*** Begin section ***

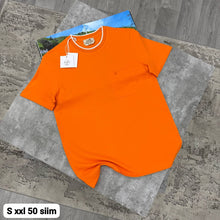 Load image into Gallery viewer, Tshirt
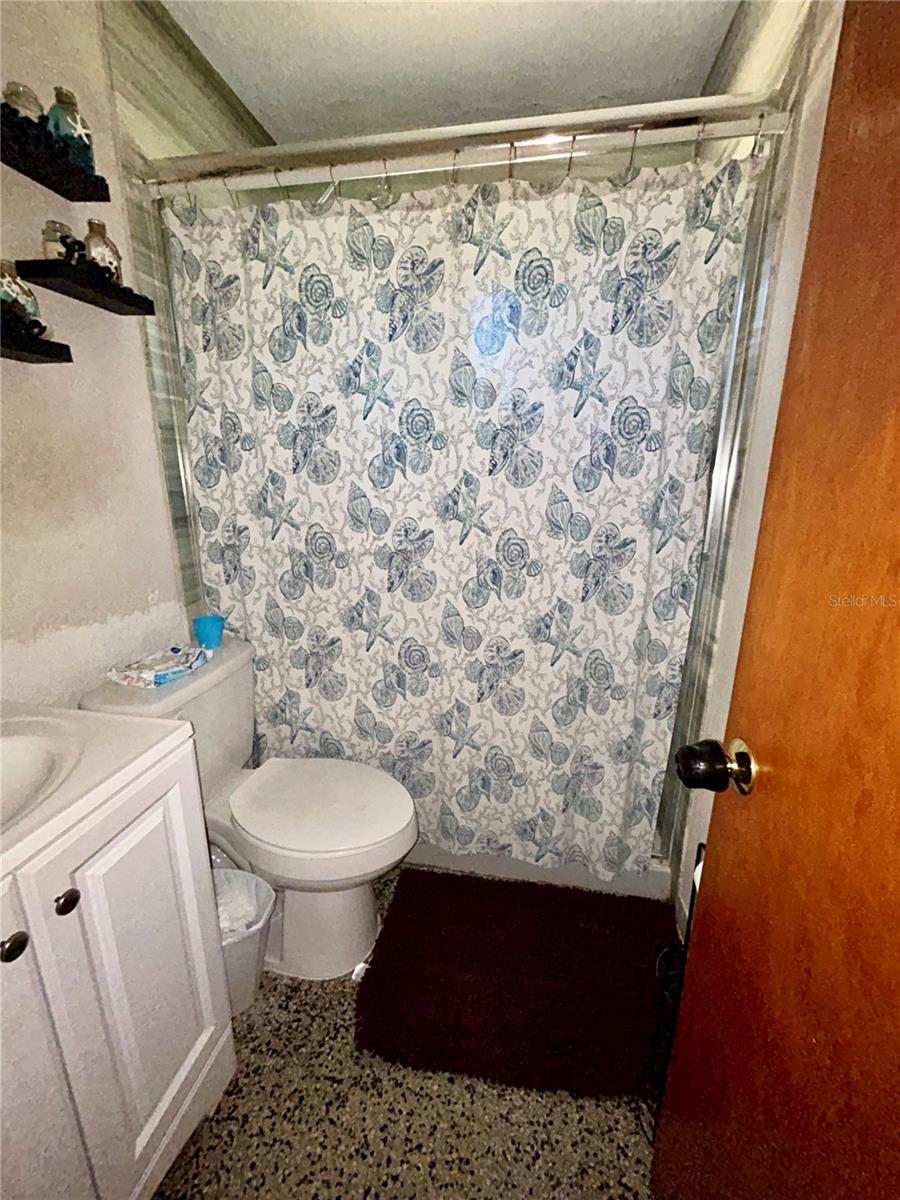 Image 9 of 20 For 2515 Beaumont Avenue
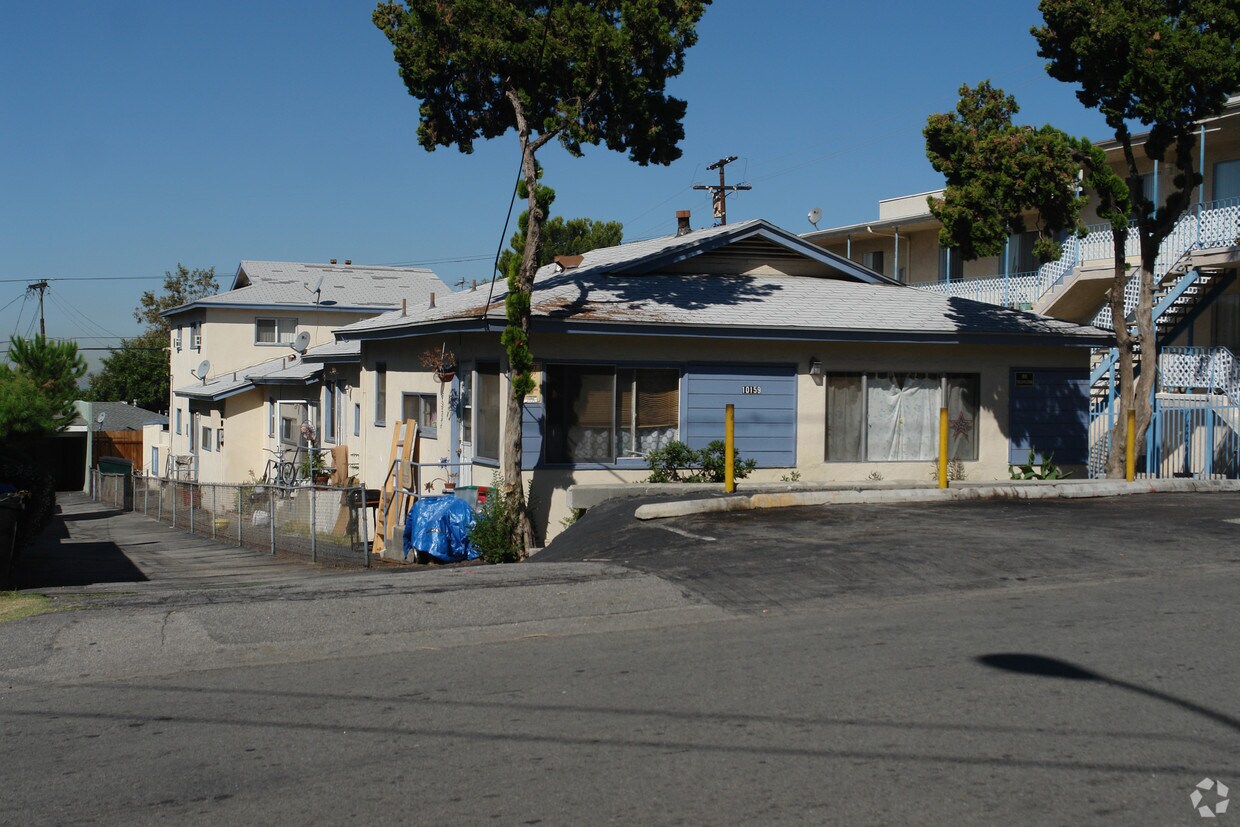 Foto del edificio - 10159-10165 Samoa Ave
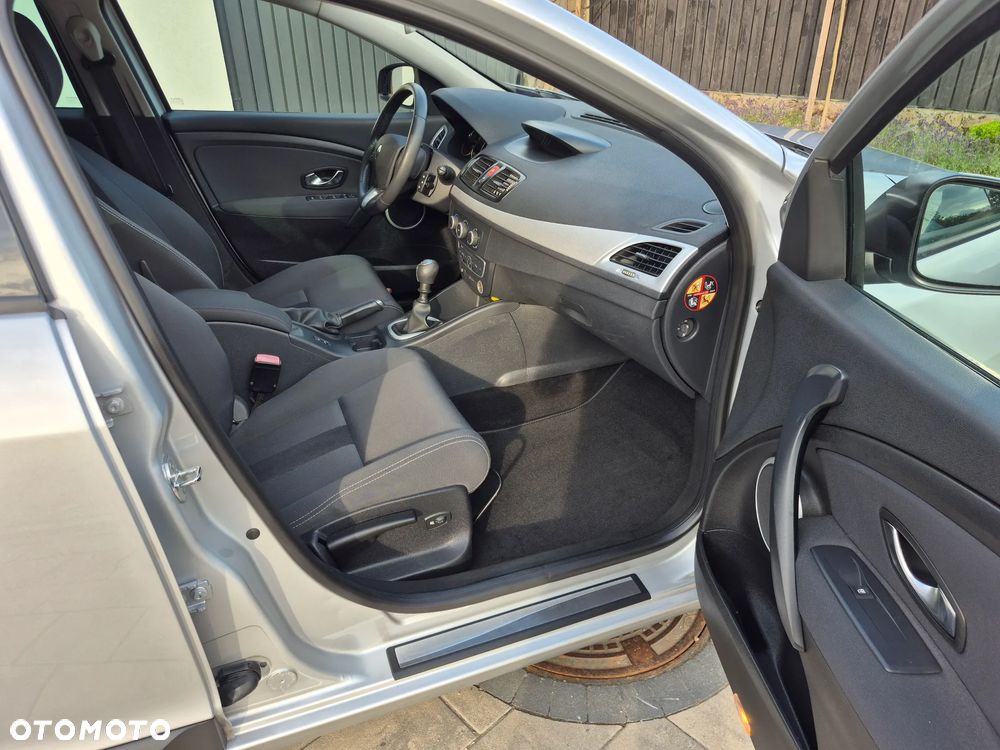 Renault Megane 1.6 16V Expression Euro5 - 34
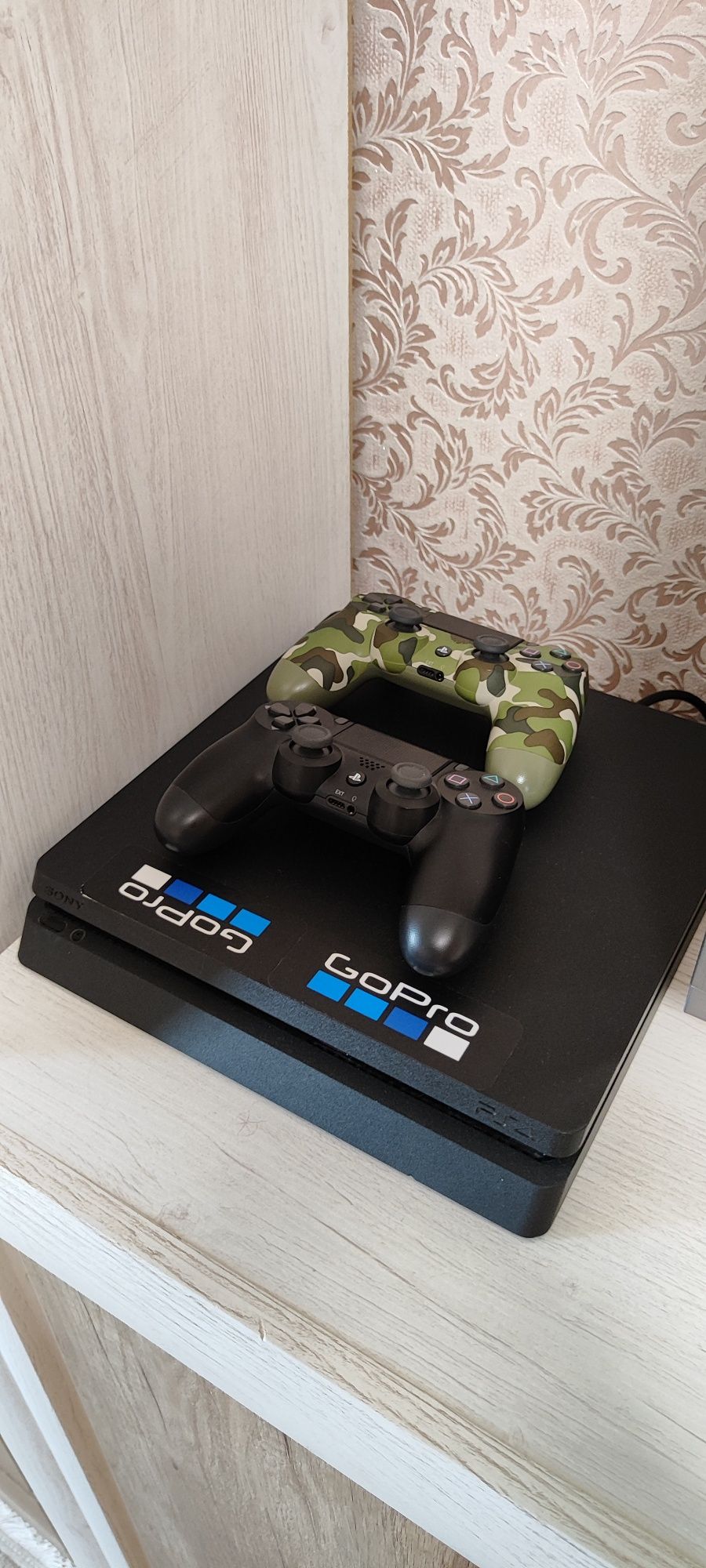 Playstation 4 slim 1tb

*** End section ***
*** Begin section ***

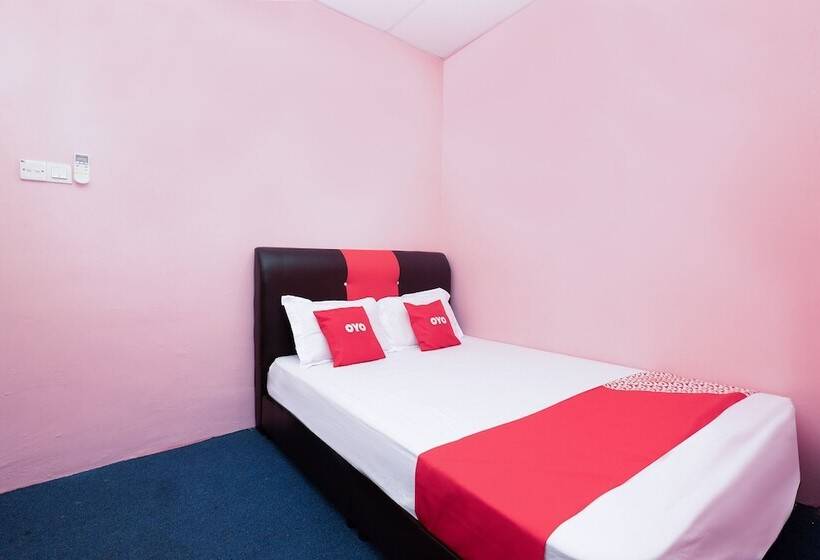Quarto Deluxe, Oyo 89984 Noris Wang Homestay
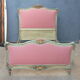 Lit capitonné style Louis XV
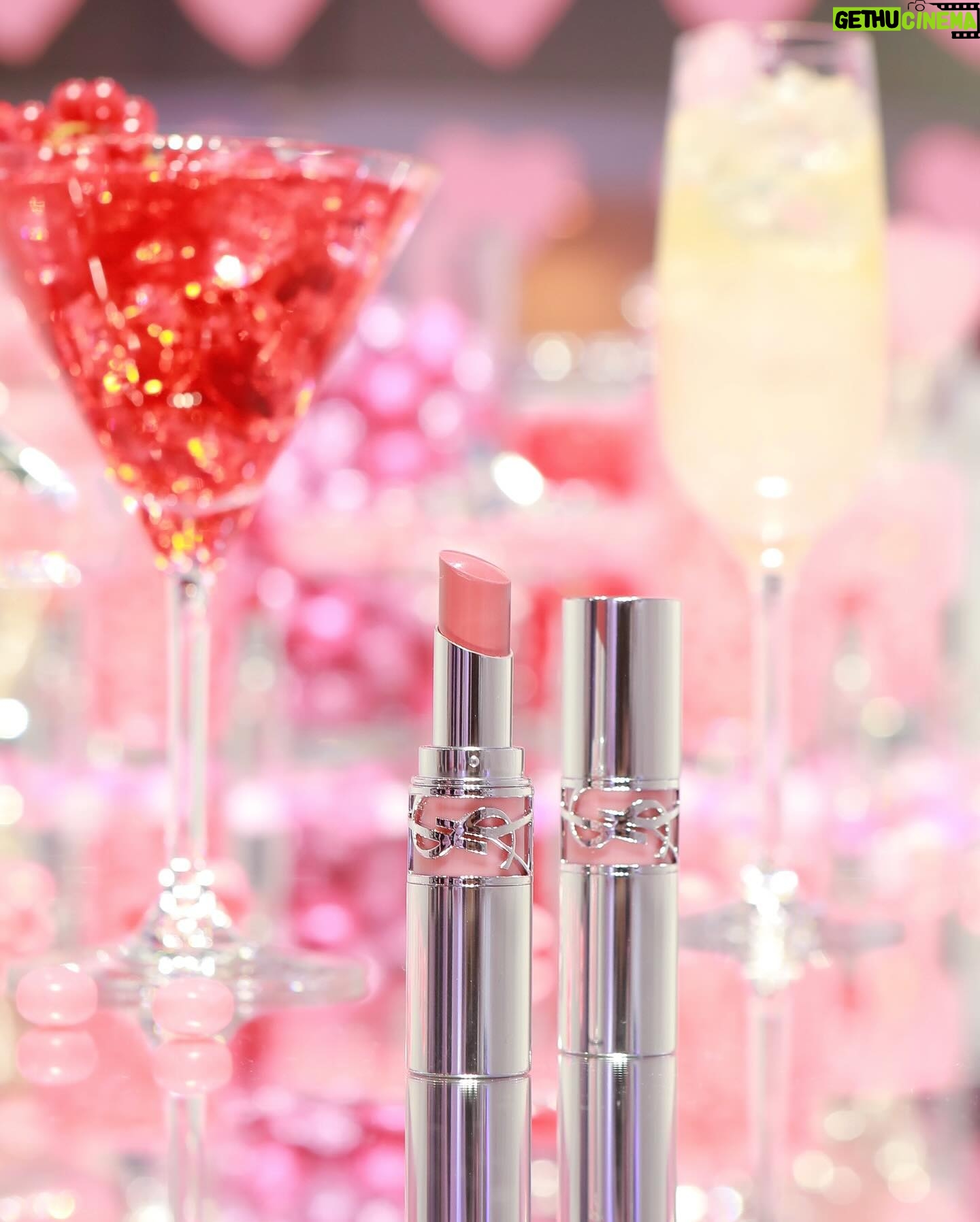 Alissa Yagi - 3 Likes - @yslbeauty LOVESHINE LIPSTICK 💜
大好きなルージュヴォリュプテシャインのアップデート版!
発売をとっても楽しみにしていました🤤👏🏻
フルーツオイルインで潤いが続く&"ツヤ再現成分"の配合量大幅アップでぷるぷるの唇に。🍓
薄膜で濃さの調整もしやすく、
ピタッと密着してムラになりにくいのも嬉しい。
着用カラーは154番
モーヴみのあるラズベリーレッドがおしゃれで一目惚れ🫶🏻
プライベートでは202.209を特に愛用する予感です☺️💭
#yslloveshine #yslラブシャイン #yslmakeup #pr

*** End section ***
*** Begin section ***

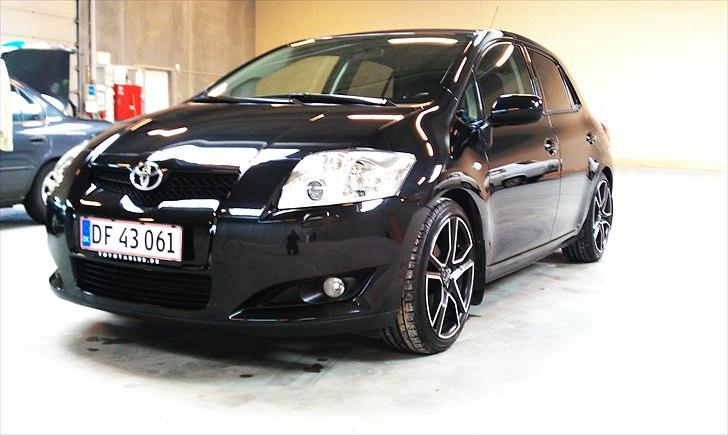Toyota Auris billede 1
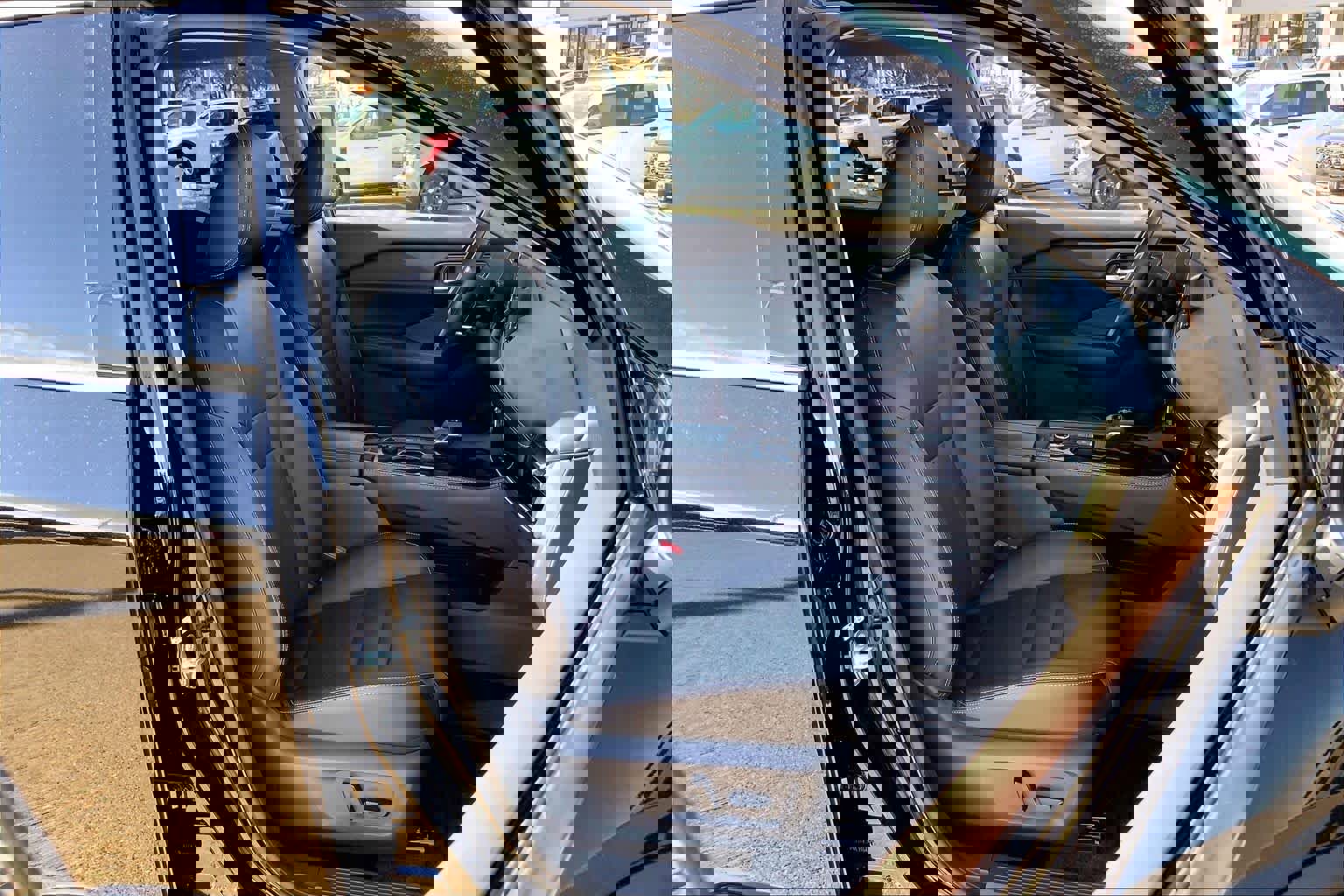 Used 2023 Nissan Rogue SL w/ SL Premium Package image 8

*** End section ***

#### PROBLEM DESCRIPTION
Your answer should consist solely of the lines above from the line with "プライベートでは202.209を特に愛用する予感です☺️💭" to the line with "#yslloveshine #yslラブシャイン #yslmakeup #pr", both included, reproduced exactly.

#### ANSWER TO THIS EXERCISE
プライベートでは202.209を特に愛用する予感です☺️💭
#yslloveshine #yslラブシャイン #yslmakeup #pr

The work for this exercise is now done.